[Extracted records]

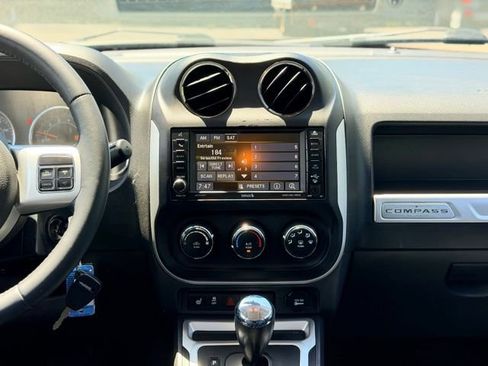 Used 2017 Jeep Compass High Altitude AWD/4WD image 20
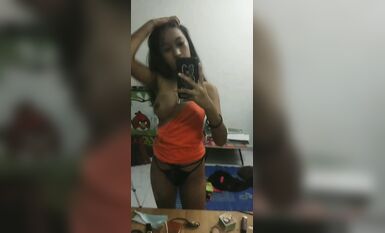 【黑客破解】台中18歲的舞蹈班學員黃嘉雯 各種私拍泄密流出 (13)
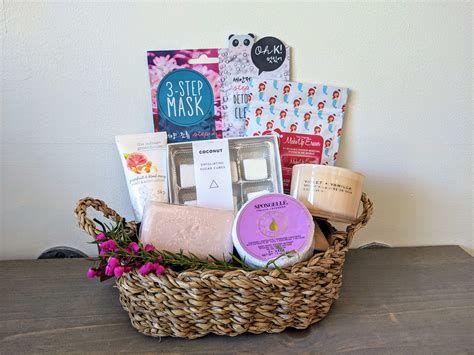 Treat Yourself Gift Basket in Nashville, TN | Unique Blooms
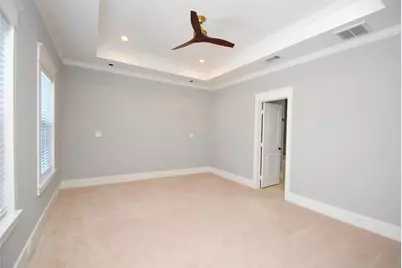 1030 W 16th Street, Houston, TX 77008 - Photo 14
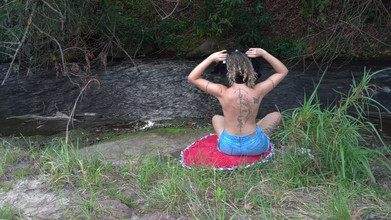 Victor SweetCoupleStories: El encuentro con un extraño en una cascada termina con...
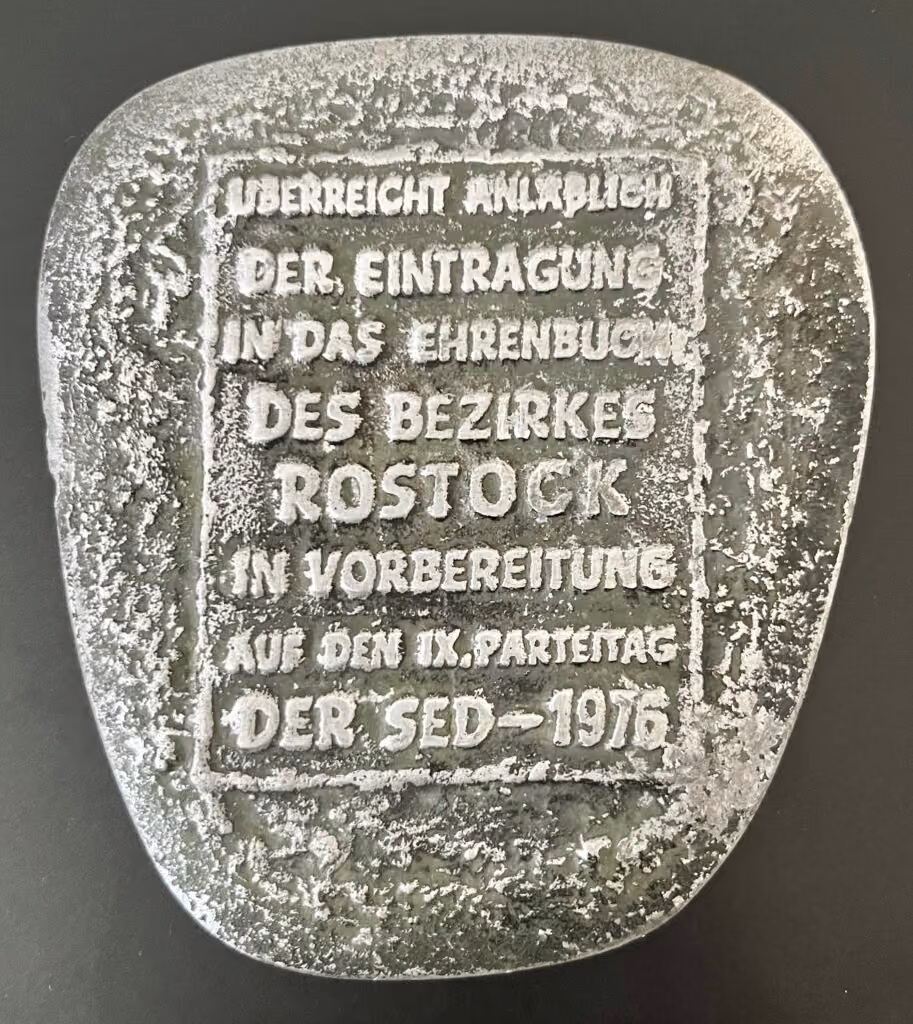 Rostock - Überreicht anläßlich der Eintragung in das Ehrenbuch des Bezirkes Rostock in Vorbereitung auf den IX. Parteitag der SED - 1976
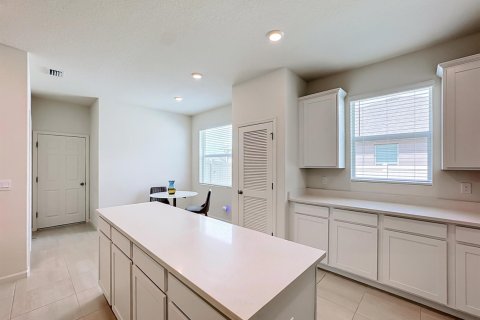 House in Vero Beach, Florida 3 bedrooms, 212.75 sq.m. № 2265453 - photo 26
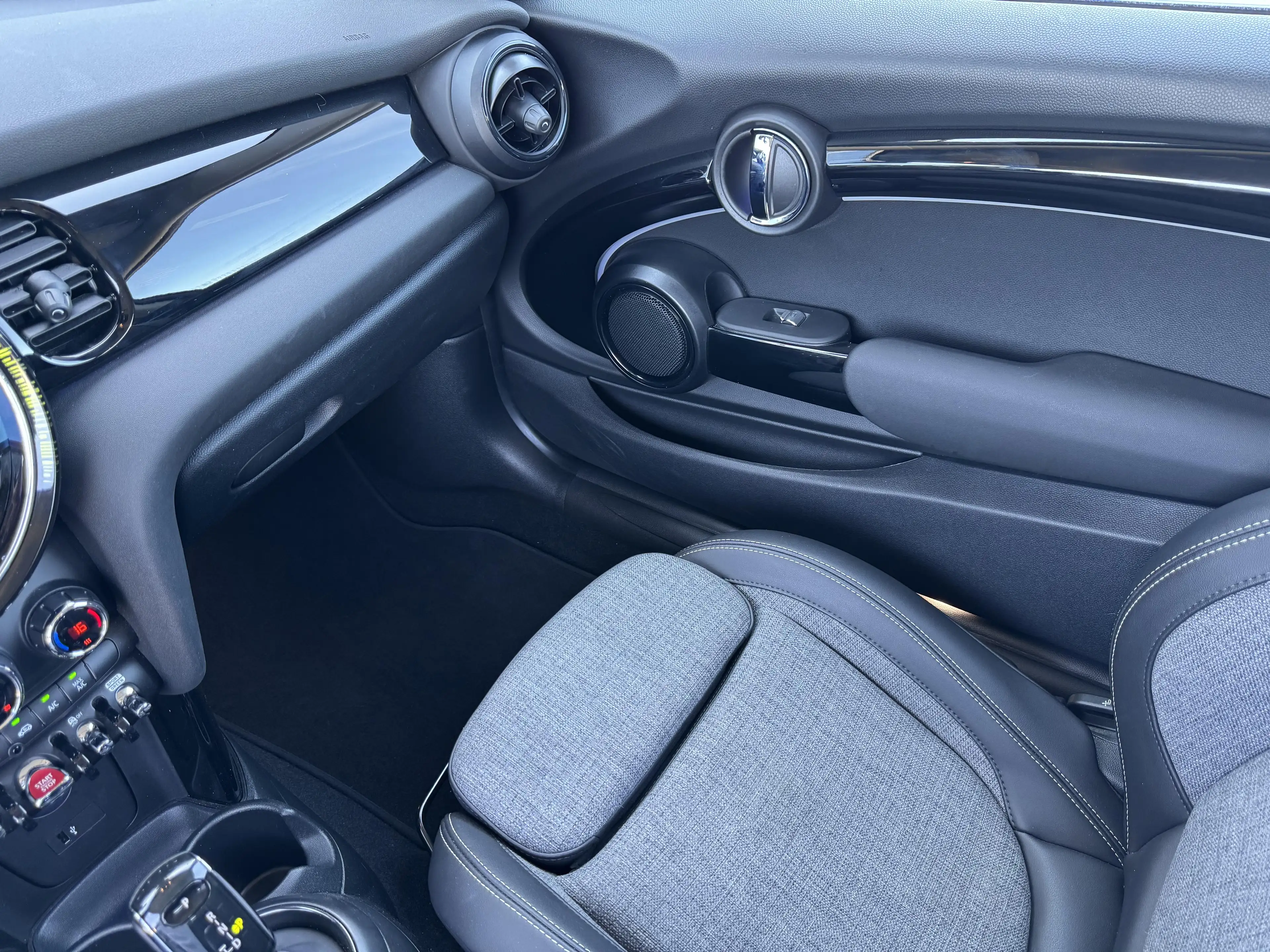 MINI Cooper 1.5i aut LED | CARPLAY | PREMIUM — photo 17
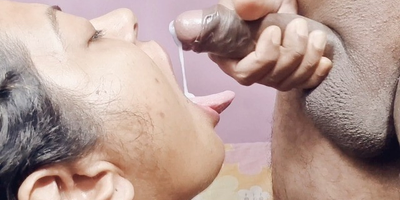 Naougnty Nikla's Hottest Close-up Inhale and Throat Spunk Action!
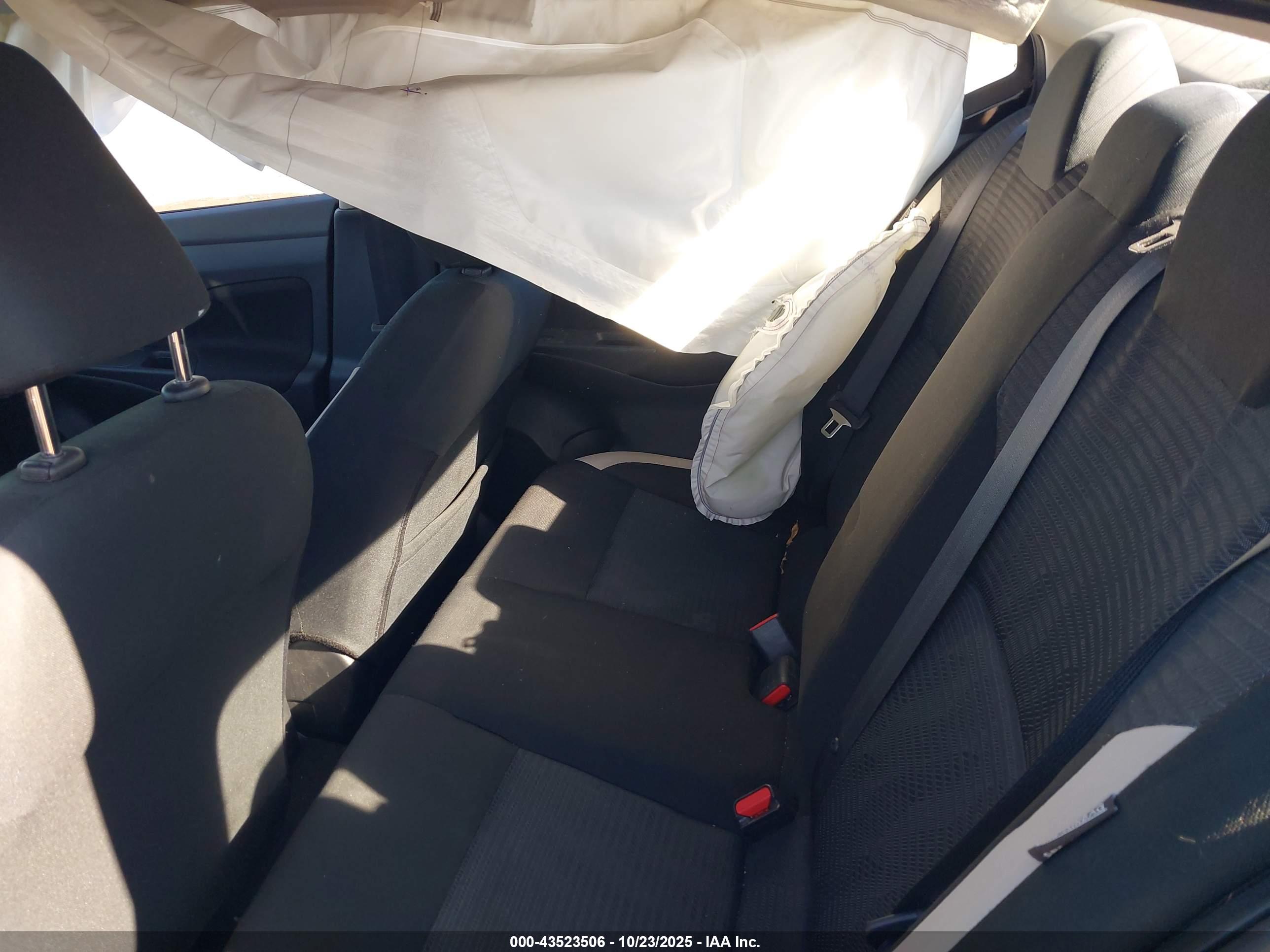 NISSAN VERSA image 8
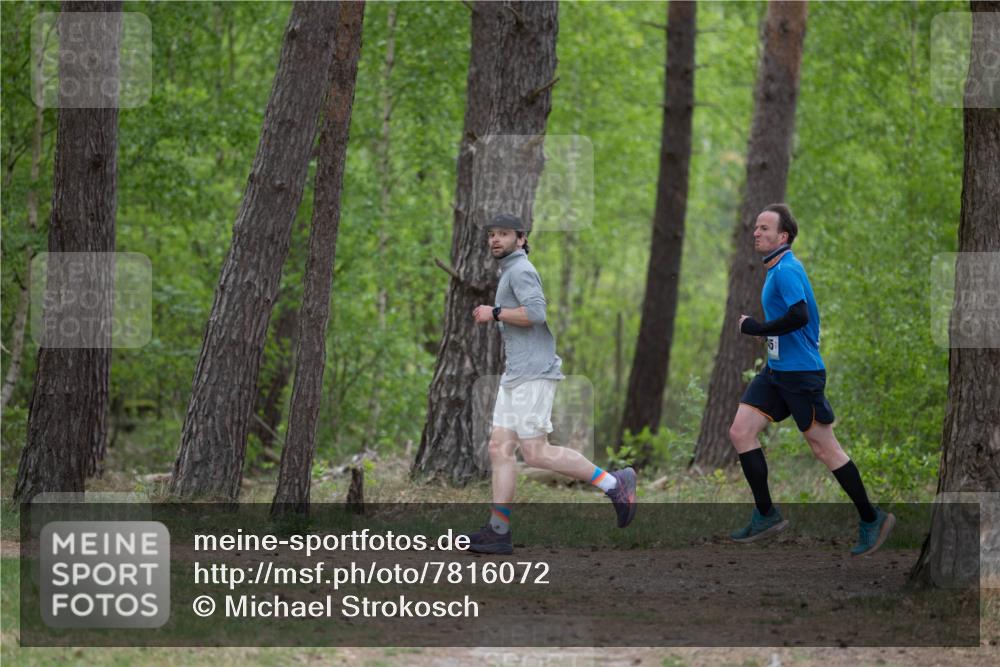 04.05.2025 - 8. Wedeler Halbmarathon Michael Strokosch http://msf.ph/oto/7816072 04.05.2025 10:41:05 Laufen 5 meine-sportfotos.de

EXERCISE PROMPT: Nothing but the lines from the first line of the data above through the line holding "Rostock - Überreicht" may appear in the response, copied exactly and without pictures.

SOLUTION:
 Used 2017 Jeep Compass High Altitude AWD/4WD image 20
 【黑客破解】台中18歲的舞蹈班學員黃嘉雯 各種私拍泄密流出 (13)
 Treat Yourself Gift Basket in Nashville, TN | Unique Blooms
 1030 W 16th Street, Houston, TX 77008 - Photo 14
 Victor SweetCoupleStories: El encuentro con un extraño en una cascada termina con...
 Rostock - Überreicht anläßlich der Eintragung in das Ehrenbuch des Bezirkes Rostock in Vorbereitung auf den IX. Parteitag der SED - 1976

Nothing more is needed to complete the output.